YOUR TASK. Please repeat, exactly as written, every line from the one containing "Luxe Balie TOYOTA Yaris (P21, PA1, PH1)" through the last line of the records, both included, and leave out any pictures.

THE DATA.
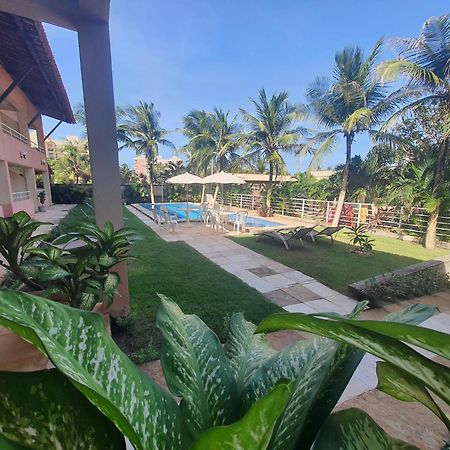 Pousada Porto Das Dunas Aquiraz Ngoại thất bức ảnh
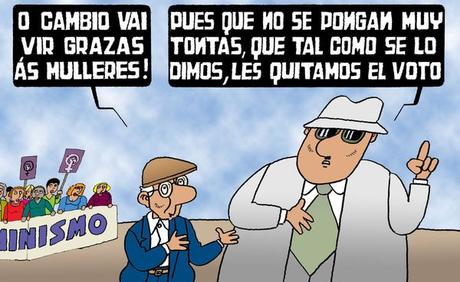 [UNA SONRISA] Al menos hoy martes, 30 de abril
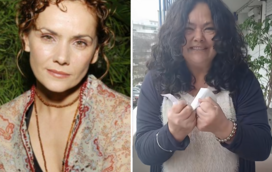 "Nem parece ela!" Criticada pela sua aparência em novo vídeo, Helena Laureano reage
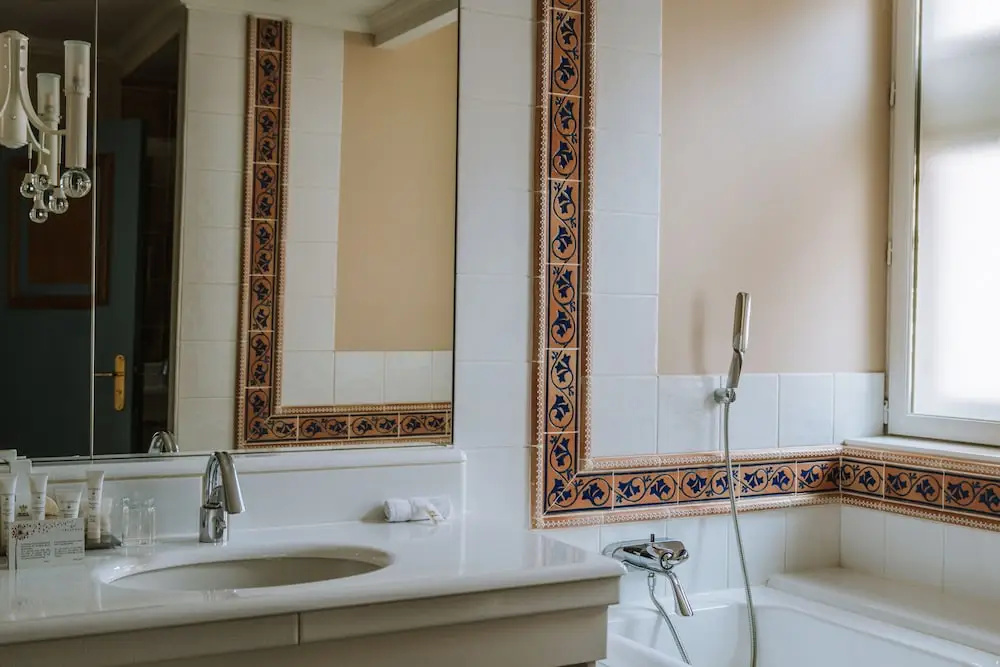 Villa Florentine, A Beauvallon Hotel & Spa - Chambres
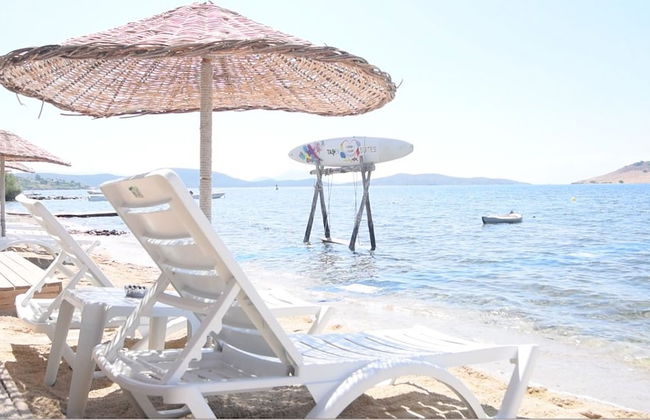 Tasev Apart Hotel - Photo 52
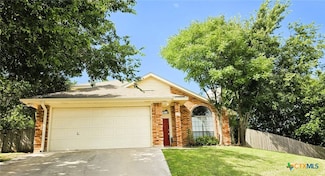1202 Bowen Ave, Copperas Cove, TX 76522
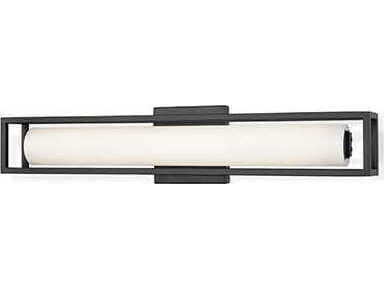 Kuzco Lighting Lochwood Black Vanity Light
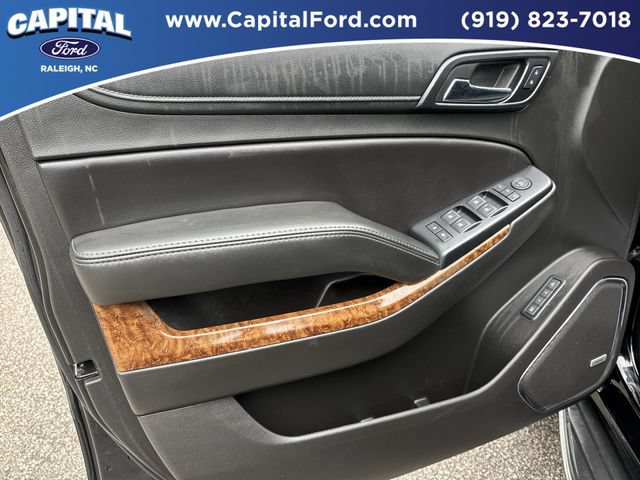 Used 2018 Chevrolet Tahoe Premier AWD/4WD image 20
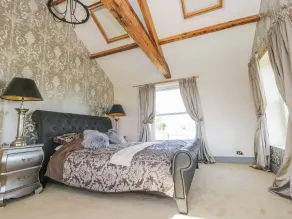 Meagill farmhouse a country retreat - Rum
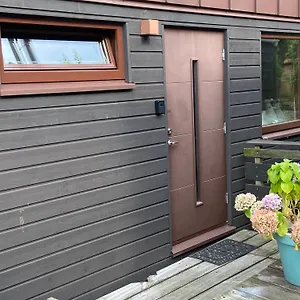 Bed & Breakfast T Verkeren - Houseboat Amsterdam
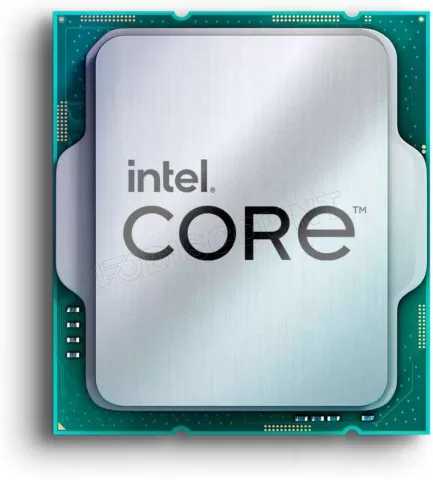 Photo de Processeur Intel Core i7-12700F (4,9 Ghz) LGA 1700 - Sans iGPU Version OEM (Tray)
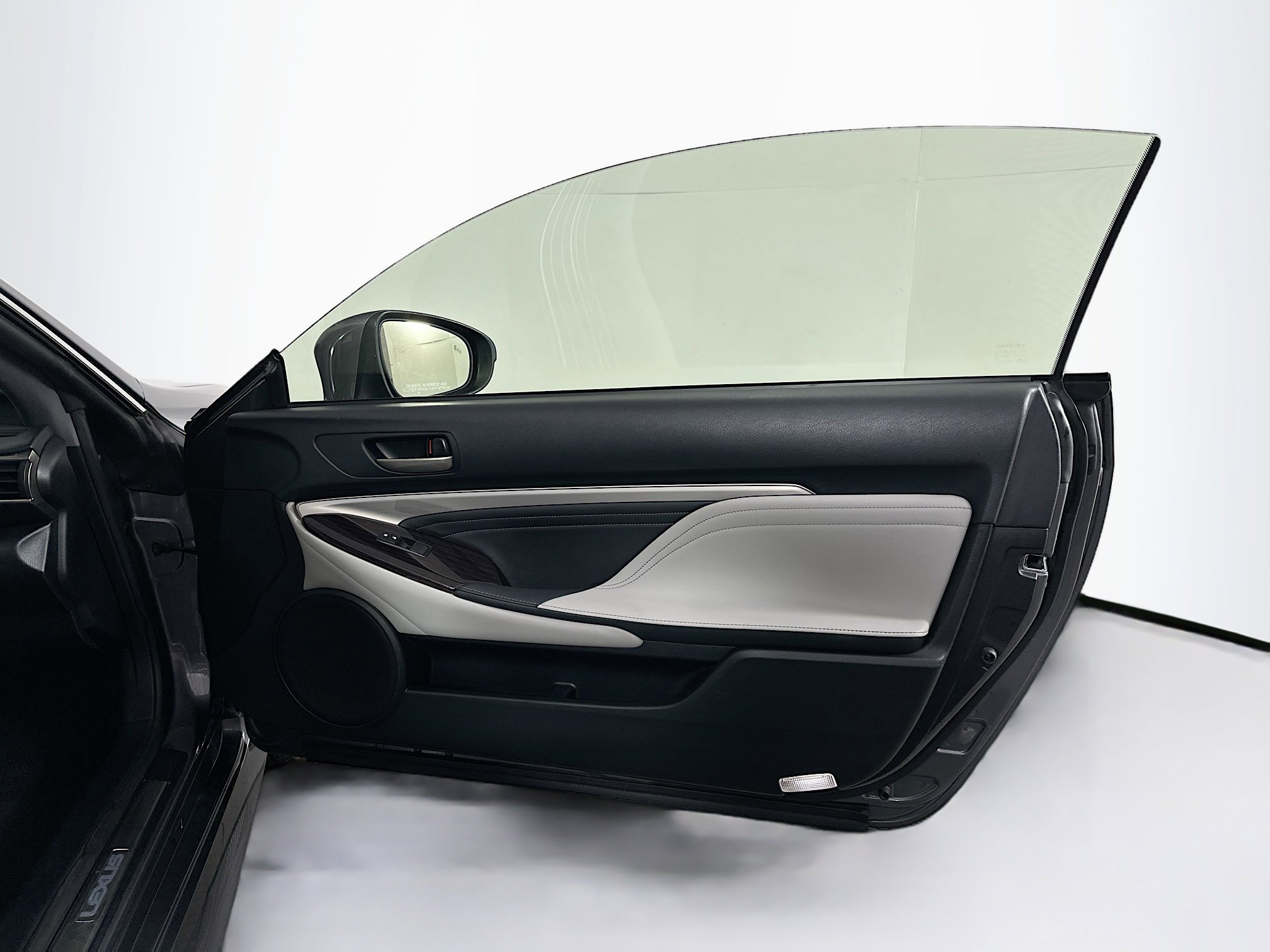 Used 2016 Lexus RC 300 2dr Cpe image 29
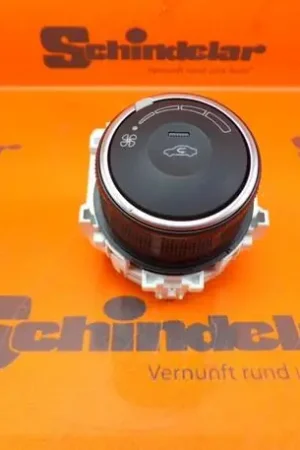 Luxe Balie TOYOTA Yaris (P21, PA1, PH1)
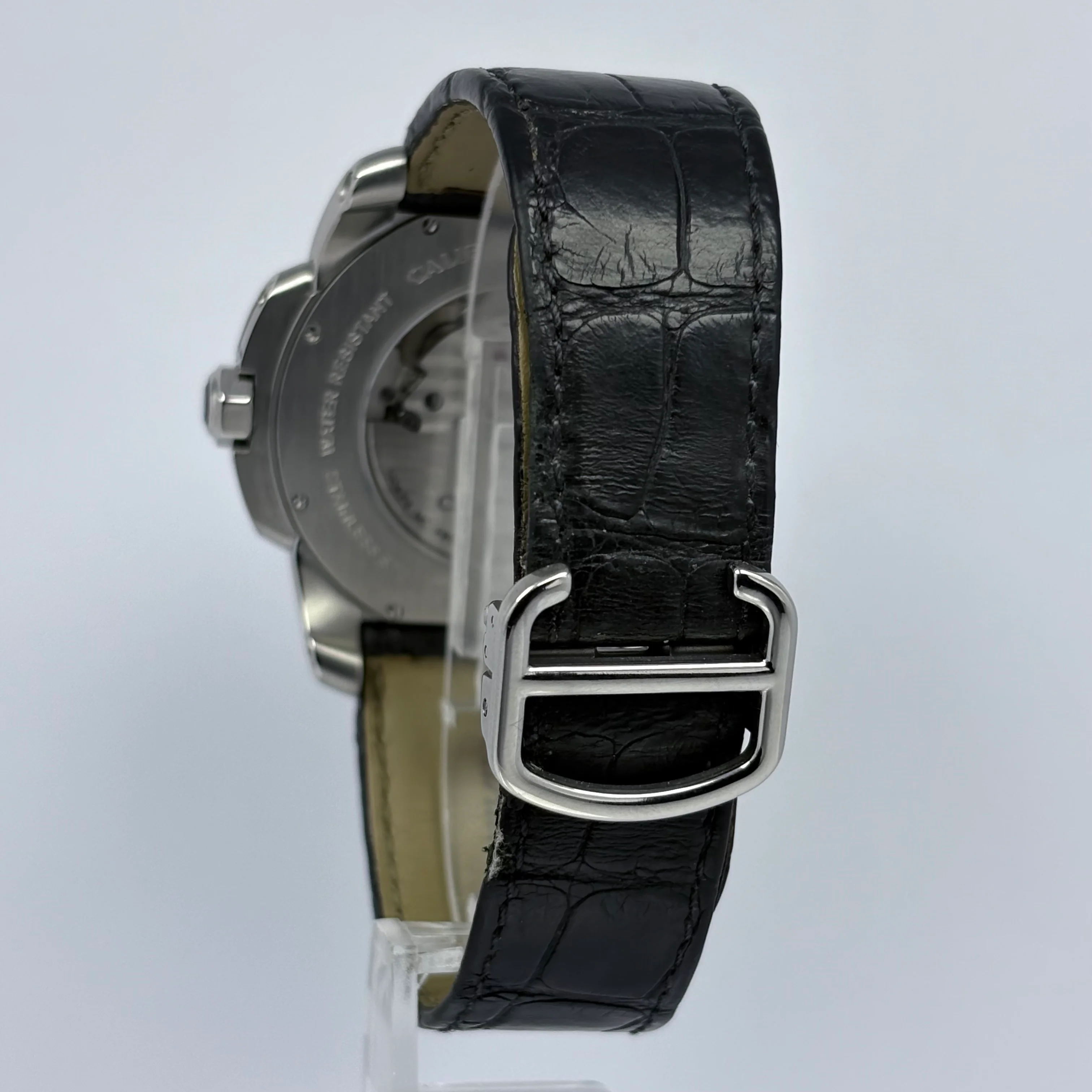 Reloj Cartier Calibre De Cartier Automático - Image 5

COMPLETED TASK.
 Luxe Balie TOYOTA Yaris (P21, PA1, PH1)
 Reloj Cartier Calibre De Cartier Automático - Image 5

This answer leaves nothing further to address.